> [Aim of the task] Because the entries hold pictures, reproduce only their words, exactly as written.

Records drawn from a dataset
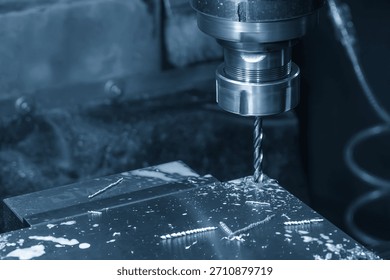 The hole chamfering process on NC milling machine with drill tools in the light blue scene.  The metal working concept on the milling machine.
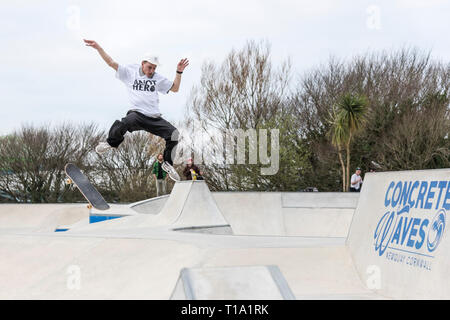 Un guidatore di skateboard tenta un trucco di antenna a onde Concrete Skate Park in Newqay in Cornovaglia. Foto Stock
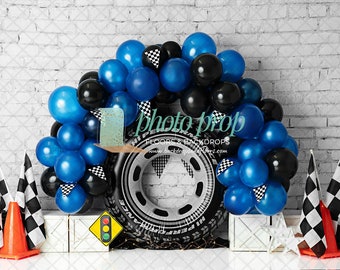 May include: A blue and black balloon arch with checkered flags and a tire-shaped inflatable. The backdrop is a white brick wall. The text "photo prop" is visible in the image.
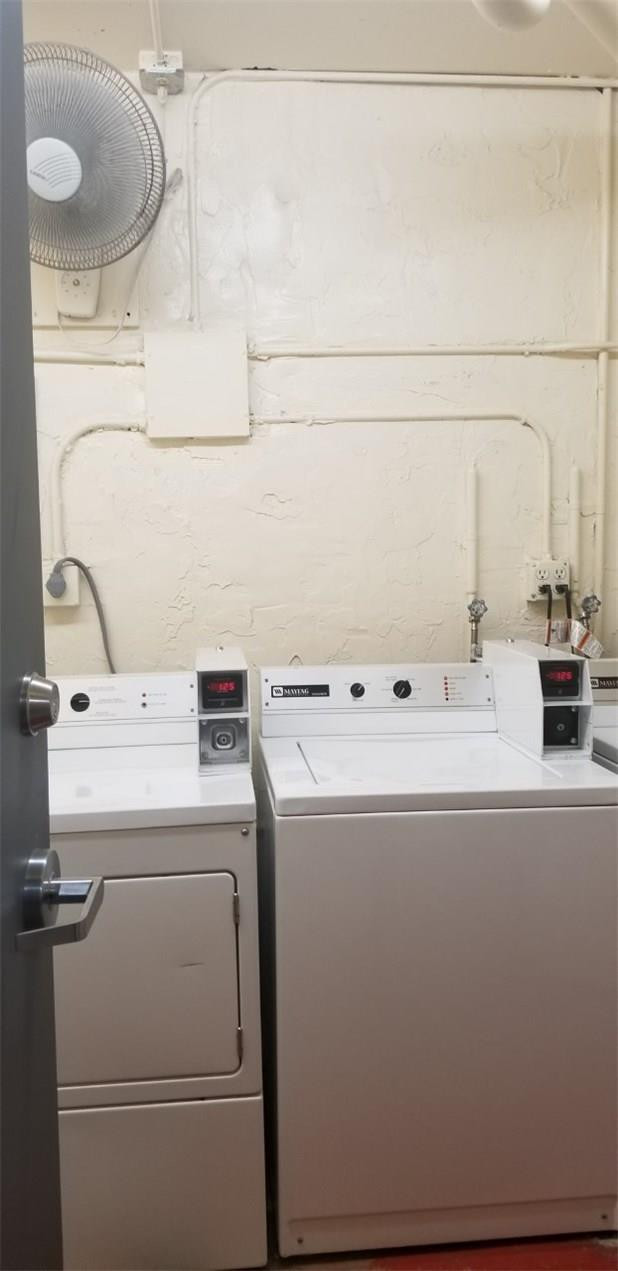 255 South Cypress Road, Unit 301 Pompano Beach, FL 33060 - Photo 34 of 42 a utility room with dryer and washer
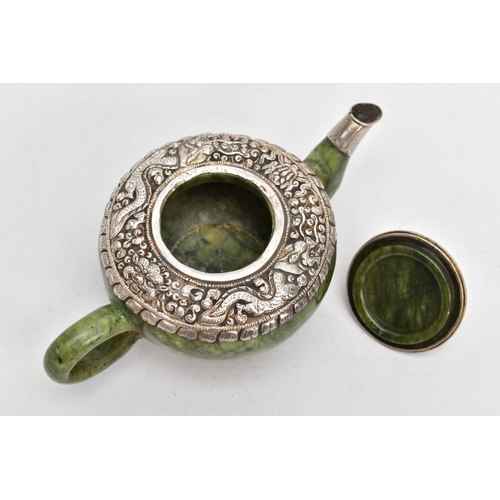 139 - AN ORIENTAL NEPHRITE AND WHITE METAL TEAPOT, polished nephrite body and handle, the top and bottom o... 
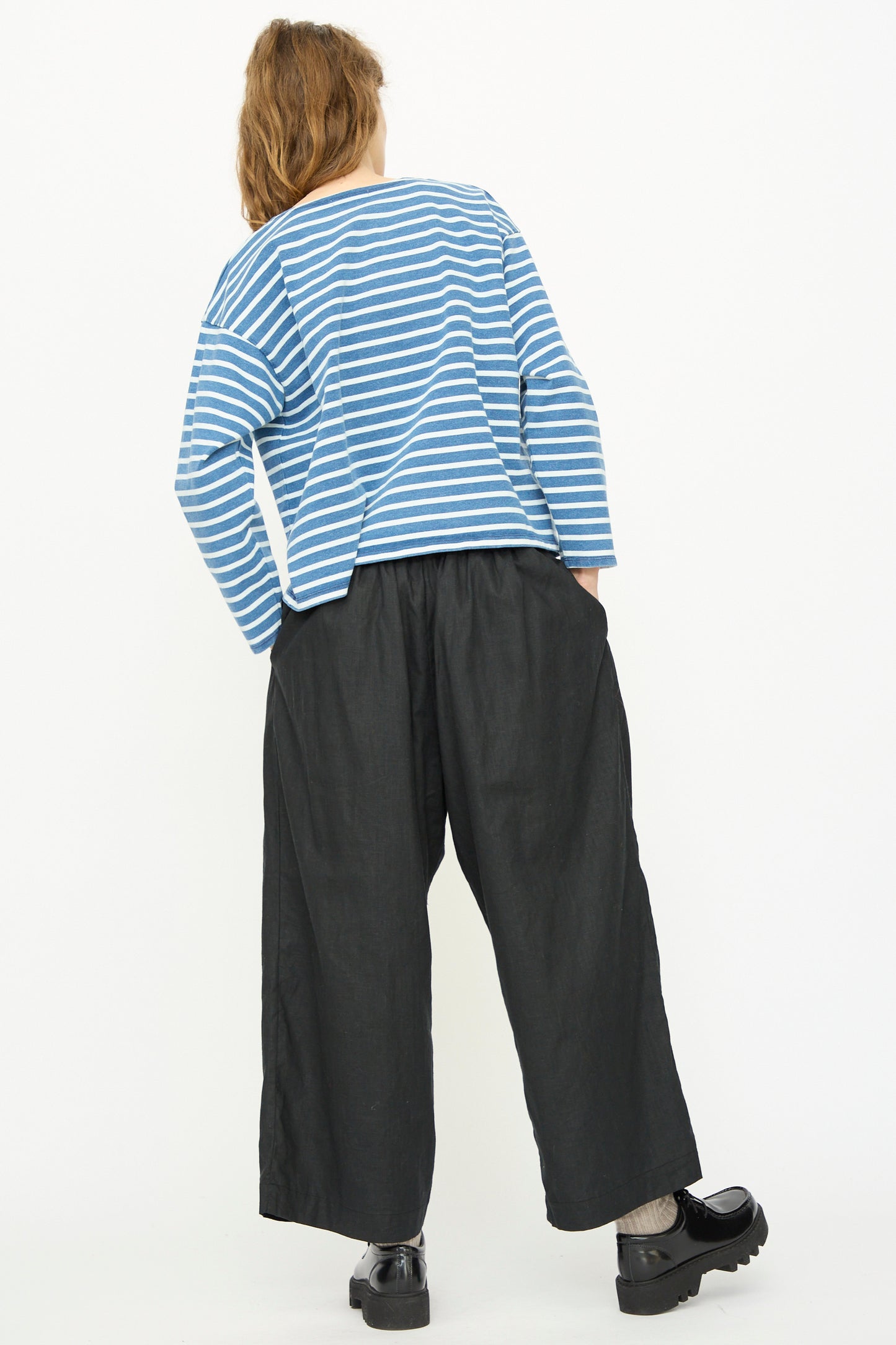 Person facing away from the camera wears a blue and white striped long-sleeve shirt, Ichi Antiquités Linen Cotton Canvas Pant in Black with an elastic waist, and black shoes against a plain white background.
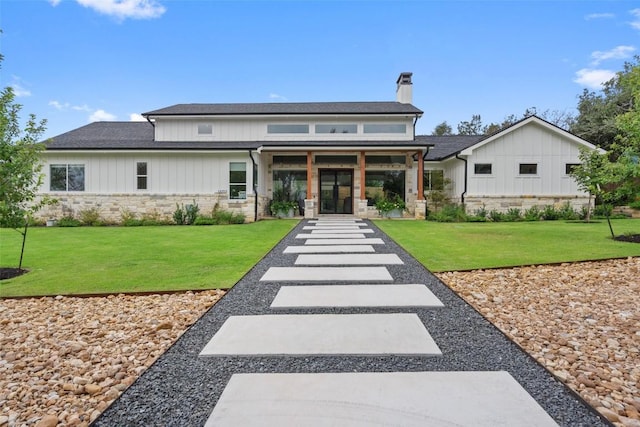 14701 Longbranch Dr, Austin, TX 78734 - back of property with stone siding, french doors, a chimney, and a lawn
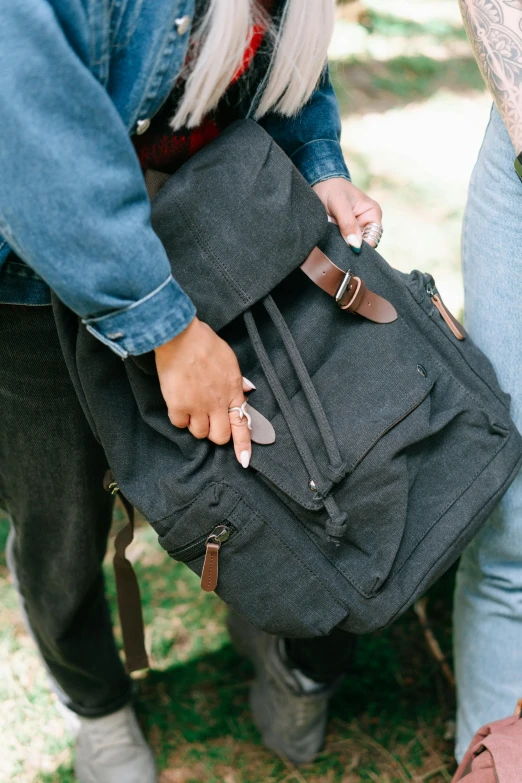 two people holding bags of luggage together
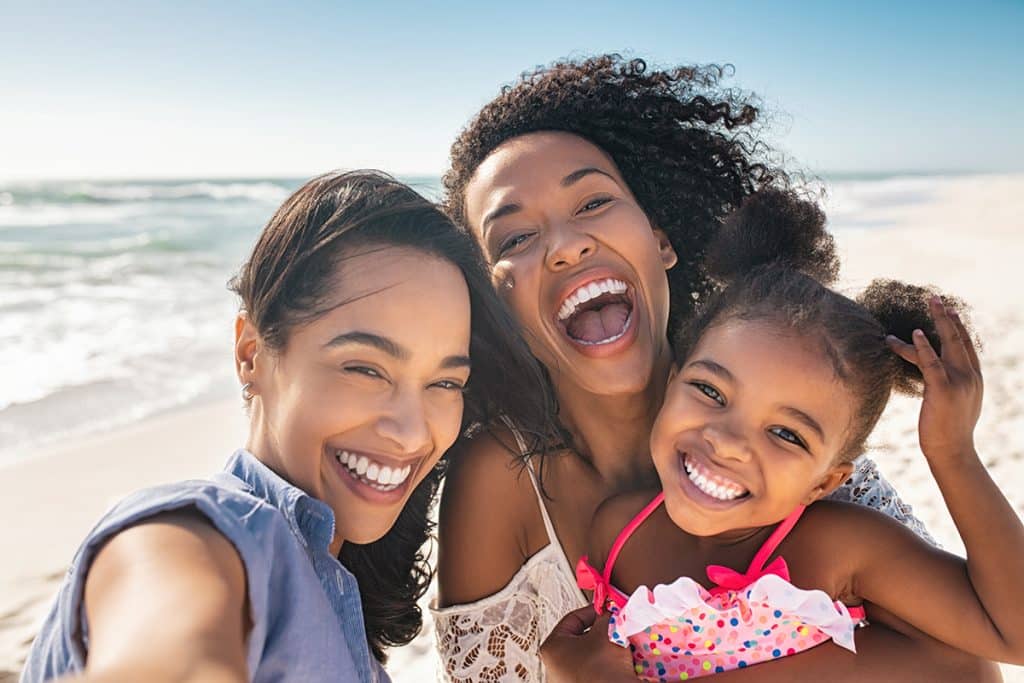 Two women on the beach with their child; they are all laughing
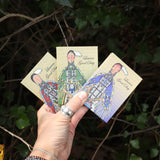 Someone holding all three of the 6 Pan Vegan Eyeshadow Palettes from Lauren Good Day in front of a green bush.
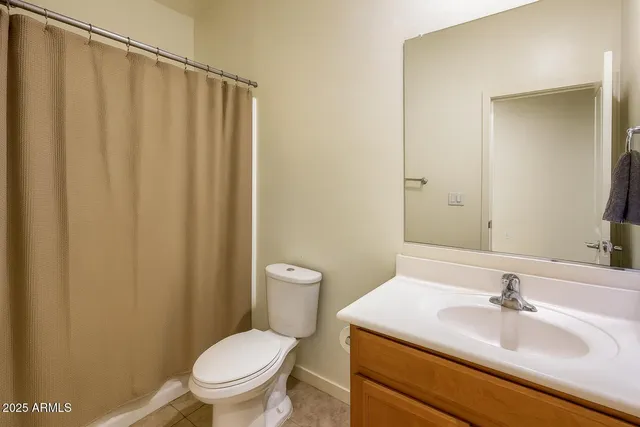 a bathroom with a sink a toilet and shower curtain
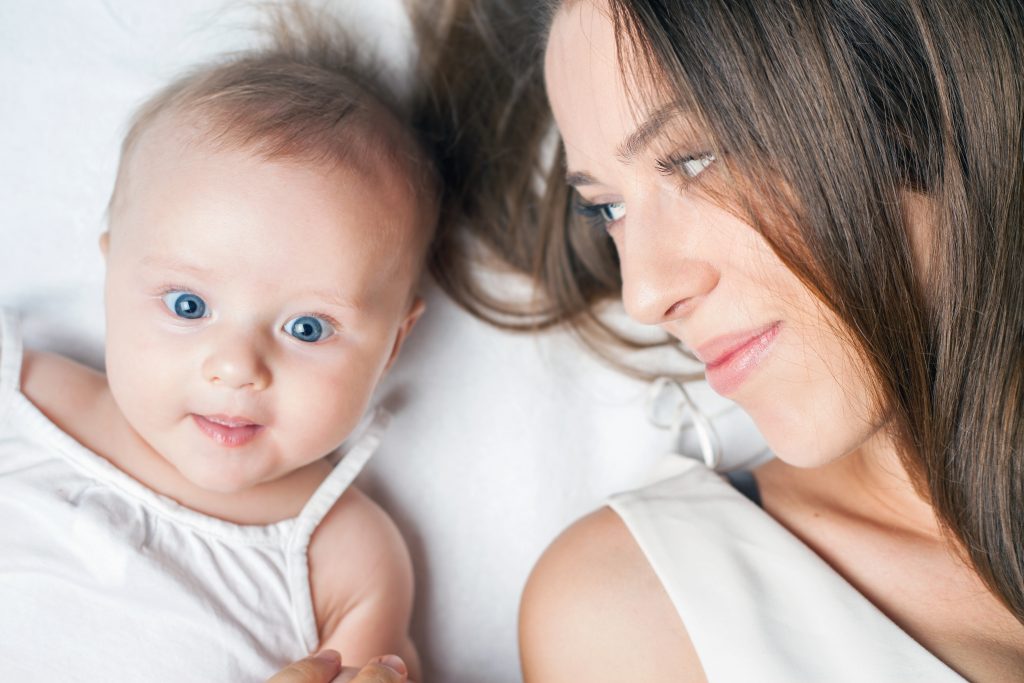 Happy baby girl lying near her mother on a white bed. Newborn looking at the camera and smiling. Mothercare is most important in baby life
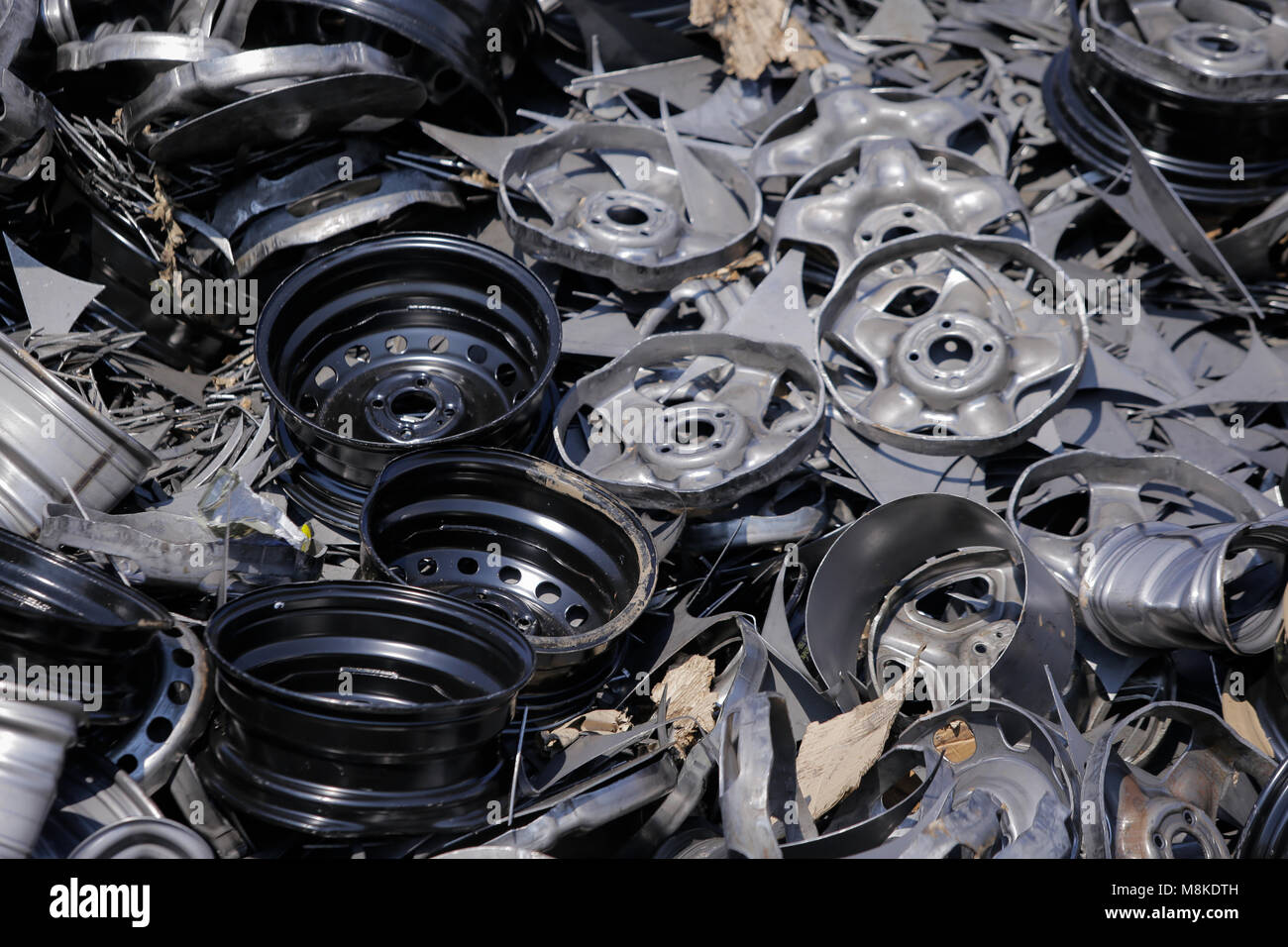 Old car rims at a scrapheap junkyard Stock Photo Alamy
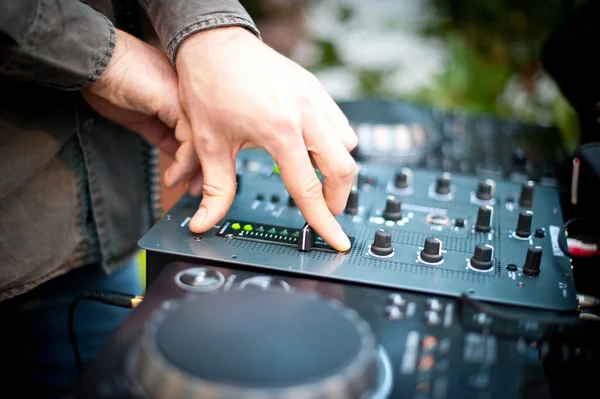 Jovem trabalhando como DJ com misturador. Foco superficial nas mãos — Fotografia de Stock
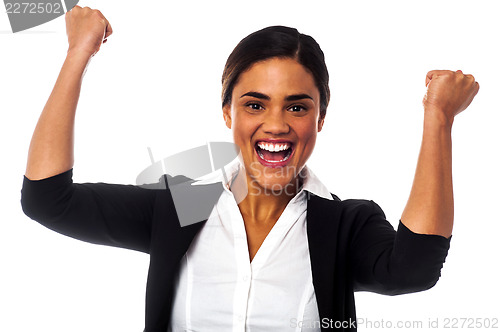 Image of Excited woman with clenched fists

> [Your solution]
 The hole chamfering process on NC milling machine with drill tools in the light blue scene.  The metal working concept on the milling machine.
 Un guidatore di skateboard tenta un trucco di antenna a onde Concrete Skate Park in Newqay in Cornovaglia. Foto Stock
 May include: A blue and black balloon arch with checkered flags and a tire-shaped inflatable. The backdrop is a white brick wall. The text "photo prop" is visible in the image.
 255 South Cypress Road, Unit 301 Pompano Beach, FL 33060 - Photo 34 of 42 a utility room with dryer and washer
 139 - AN ORIENTAL NEPHRITE AND WHITE METAL TEAPOT, polished nephrite body and handle, the top and bottom o... 
 Person facing away from the camera wears a blue and white striped long-sleeve shirt, Ichi Antiquités Linen Cotton Canvas Pant in Black with an elastic waist, and black shoes against a plain white background.
 14701 Longbranch Dr, Austin, TX 78734 - back of property with stone siding, french doors, a chimney, and a lawn
 two people holding bags of luggage together
 Two women on the beach with their child; they are all laughing
 Someone holding all three of the 6 Pan Vegan Eyeshadow Palettes from Lauren Good Day in front of a green bush.
 a bathroom with a sink a toilet and shower curtain
 Happy baby girl lying near her mother on a white bed. Newborn looking at the camera and smiling. Mothercare is most important in baby life
 Old car rims at a scrapheap junkyard Stock Photo Alamy
 Jovem trabalhando como DJ com misturador. Foco superficial nas mãos — Fotografia de Stock
 Image of Excited woman with clenched fists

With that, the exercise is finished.